Profile picture for Aurora Eggert

Aurora Eggert

Hello there,
Born and raised in Germany under the influence of French culture I got a taste of how people perceive life and situations totally differently depending on how and where they grew up. this ignited my deepest curiosity for human behaviour at a very young age.

Being always more of an introvert and observant child I absorbed a lot of stuff that to this day weigh heavy on my soul but on the bright side I can say that these experiences make me relate so much deeper and better to the people around me.

I understand pain. I know suffering. I know how it feels to feel misunderstood.
People say I have a warm, soothing vibe and I enjoyed many years working as a physiotherapist in Germany.

Today I’m more venturing towards bringing healing through podcasting/ Life coaching and yoga. I also encourage people to spend more time out in nature and have a Yurt set up in our forest where I host regular relaxation classes.

I would like to call myself a perception shifter because this is what helped me on my path of (ongoing) healing - I’d love to offer perception shifting thoughts/views in order to make people feel more real and their life easier and their relationships deeper.

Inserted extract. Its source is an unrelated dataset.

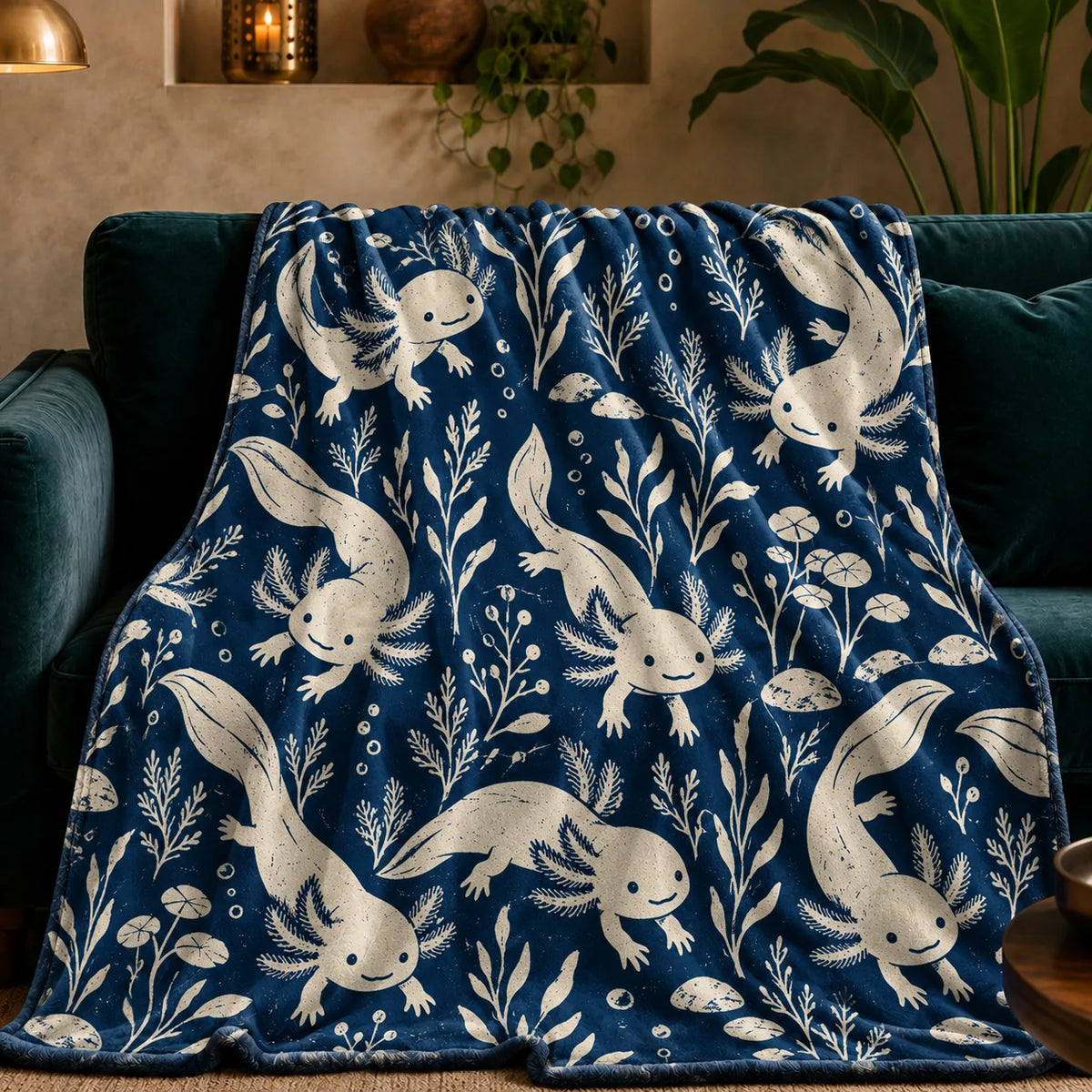 Indigo Block Print Axolotl fleece throw blanket — cream axolotls with seaweed sprigs, lily pads and bubbles on deep indigo blue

I’m also passionate about bringing awareness to locally grown food to people’s table as I’m certain that feeling empowered and real starts with what you nurture your body with and what you absorb with all senses from your environment on a daily basis .

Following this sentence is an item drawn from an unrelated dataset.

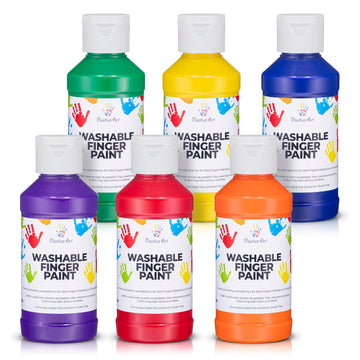 Washable Finger Paint for Kids (6 Colors, 4 fl oz Each) Made in USA - Non-Toxic, Easy Soap-and-Water Cleanup, Smooth Creamy Texture - Toddler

I live in the Rocky Mountains
Raise a couple chickens Free range for eggs and grow a beautiful vegetable garden with my grandmother, fiance and mother in summer.

Podcasting became my passion because I can reach people all over the world- Give hope, make people feel less lonely and self-empowered. Furthermore the interviews with people from around the world expand my horizon and help me heal my soul.
Bonnie my pitbull is always at my side.
connect with me and share your story on my show .

Love ❤️
A.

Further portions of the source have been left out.